Icahn Is Out of Netflix, Sticking With Apple but Cautious on Overall Market

NEW YORK (TheStreet) -- Netflix (NFLX) rose Wednesday, hitting new highs, but fell after famed investor Carl Icahn announced he had sold out of his entire long position.

Netflix closed at $678.61, down 0.4%.

Icahn initially purchased the stock in 2012 near $58 per share. While he still thinks it's a great company with a great CEO in Reed Hastings, he said on CNBC's "Fast Money Halftime Report" there are better opportunities elsewhere such as Apple (AAPL). Netflix was "tremendously undervalued" a few years ago, but Apple is still undervalued today, he said.

More broadly speaking, Icahn said he's "very concerned about the market," which appears "overheated." Although he expects a meaningful correction in stocks, the real "no brainer" lies in the high-yield bond market, he said. Investors are taking on too much risk for too little return with these assets, especially compared to the much safer corporate-rated bonds, he said. 

A setback in the economy could really do a number on the stock market, Icahn said. 

There is a fundamental shift occurring in how people watch TV, and that's a shift toward streaming, Greenfield said. While he maintains earnings-per-share estimates that are below consensus, he said earnings aren't necessarily the driver for Netflix, because the company continues to reinvest its U.S. profits into its global expansion plan.

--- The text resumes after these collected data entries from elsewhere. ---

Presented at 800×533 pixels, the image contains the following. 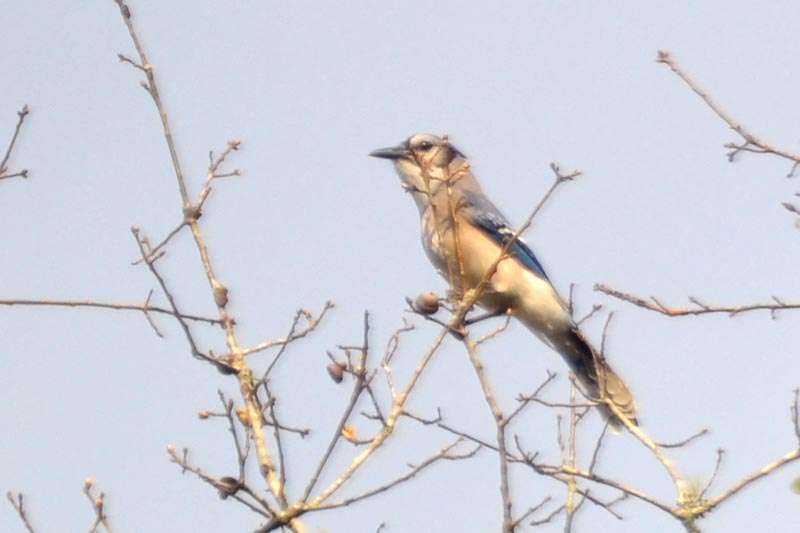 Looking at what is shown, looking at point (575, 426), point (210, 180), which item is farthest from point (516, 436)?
point (210, 180)

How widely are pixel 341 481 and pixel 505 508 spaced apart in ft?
1.75

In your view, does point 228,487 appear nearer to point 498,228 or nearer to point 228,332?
point 228,332

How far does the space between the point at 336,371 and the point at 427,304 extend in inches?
39.3

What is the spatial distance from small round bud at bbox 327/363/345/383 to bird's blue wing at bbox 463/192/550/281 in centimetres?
306

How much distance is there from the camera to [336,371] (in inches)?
203

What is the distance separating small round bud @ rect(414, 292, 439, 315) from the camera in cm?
602

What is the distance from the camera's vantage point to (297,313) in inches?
201

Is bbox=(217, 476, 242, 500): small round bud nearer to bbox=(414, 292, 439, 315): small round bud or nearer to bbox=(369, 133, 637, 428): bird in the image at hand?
bbox=(414, 292, 439, 315): small round bud

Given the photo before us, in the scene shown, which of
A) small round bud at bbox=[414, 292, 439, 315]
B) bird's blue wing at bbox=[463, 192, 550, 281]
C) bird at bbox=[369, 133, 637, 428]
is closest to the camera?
small round bud at bbox=[414, 292, 439, 315]

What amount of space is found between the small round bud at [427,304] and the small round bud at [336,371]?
0.89 meters

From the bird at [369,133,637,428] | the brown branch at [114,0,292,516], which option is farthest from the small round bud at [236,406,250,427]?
the bird at [369,133,637,428]

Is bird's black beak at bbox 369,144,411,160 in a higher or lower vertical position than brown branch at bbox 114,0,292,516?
higher

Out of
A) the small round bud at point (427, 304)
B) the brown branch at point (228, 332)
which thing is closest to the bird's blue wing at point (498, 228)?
the small round bud at point (427, 304)

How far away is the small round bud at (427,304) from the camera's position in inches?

The average investor should be looking to buy portfolio protection via put options, said Joseph Terranova, senior managing director for Virtus Investment Partners. There's nothing wrong with being cautious, he said. 

Jon Najarian, co-founder of optionmonster.com and trademonster.com, agreed, saying anyone who's unwilling to do a little hedging in their portfolio during uncertain times is "an idiot." Volatility is very low right now, which makes it extremely cheap to buy protection, he said. 

But it also depends on what type of investor one is, according to Stephen Weiss, founder and managing partner of Short Hills Capital Partners LLC. For instance, a long-term investor shouldn't really worry about Greece's debt situation, even if it does roil the markets in the short-term, he said. 

So far, auto sales are strong, housing is coming back and the economy is on track. That's good news to Weiss, who likes U.S., European and Japanese stocks. He said he's also taking a closer look at Indian equities. 

Speaking of housing, Lennar (LEN) reported strong earnings results, added Pete Najarian, co-founder of optionmonster.com and trademonster.com. He said he still likes financial stocks such as Goldman Sachs (GS), Citigroup (C) and JP Morgan (JPM). Banks will continue benefiting from higher interest rates, M&A deals and new IPOs, he said.

 

This article is commentary by an independent contributor. At the time of publication, the author held no positions in the stocks mentioned.